Dataset excerpt ▸
- Opening Delimiter -
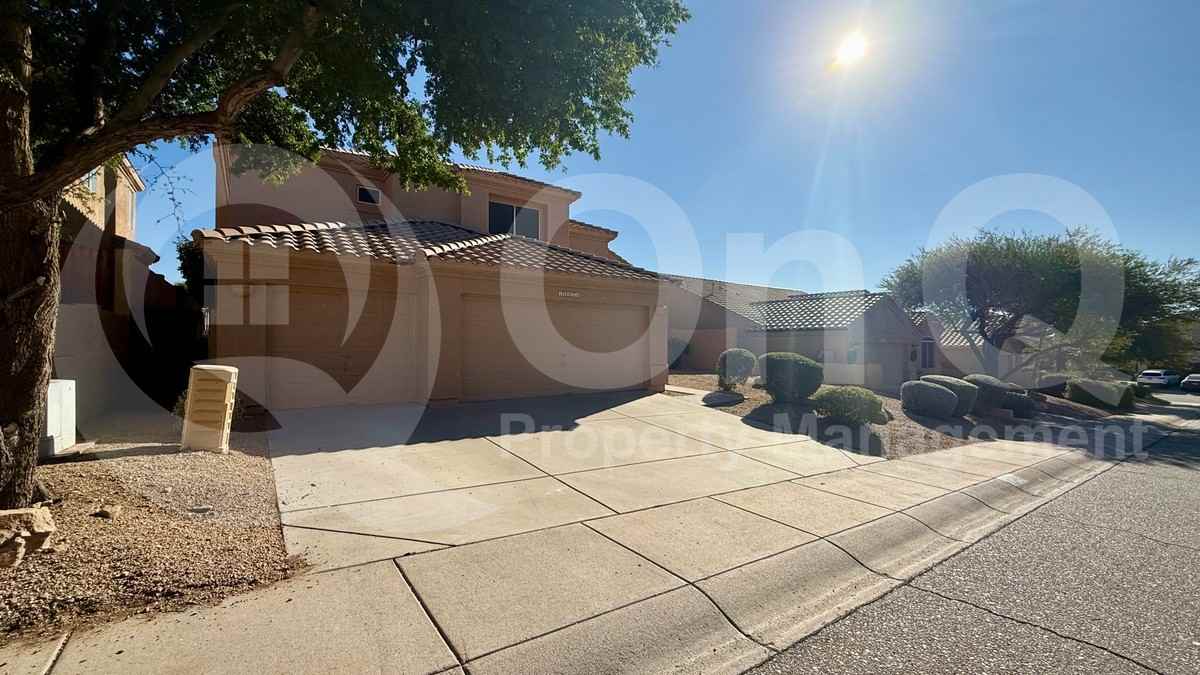 15421 S 16th Dr - Photo 2 of 30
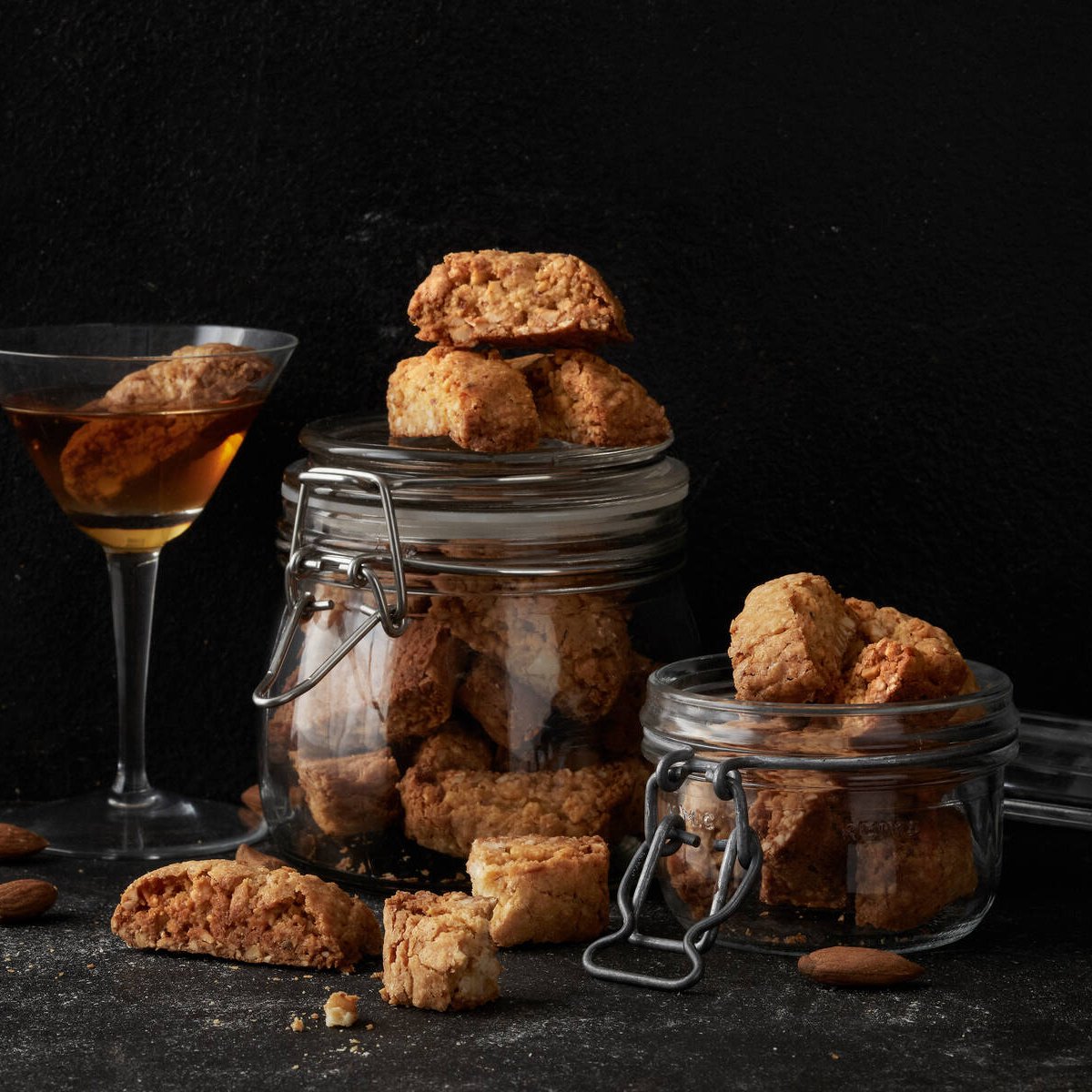 Manteli-appelsiinipikkuleipä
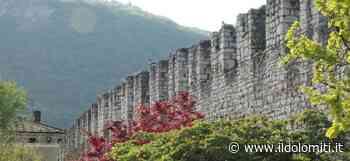 Restauro delle mura di piazza Fiera: 800mila euro per proteggere l'opera dall'acqua e dal deterioramento. Ianeselli: "La cinta muraria medievale della città era a forma di cuore" - il Dolomiti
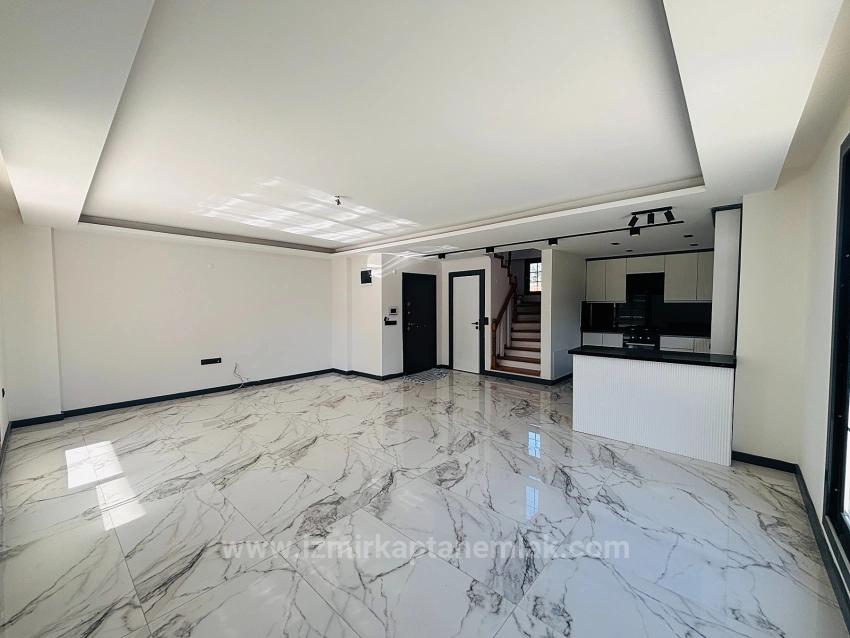 Single Detached Duplex Villa With Pool In Düzce Neighborhood, Seferihisar, İzmir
- Closing Delimiter -
Exercise prompt ▸
Excluding pictures, print all lines above exactly.

Task solution ▸
 15421 S 16th Dr - Photo 2 of 30
 Manteli-appelsiinipikkuleipä
 Restauro delle mura di piazza Fiera: 800mila euro per proteggere l'opera dall'acqua e dal deterioramento. Ianeselli: "La cinta muraria medievale della città era a forma di cuore" - il Dolomiti
 Single Detached Duplex Villa With Pool In Düzce Neighborhood, Seferihisar, İzmir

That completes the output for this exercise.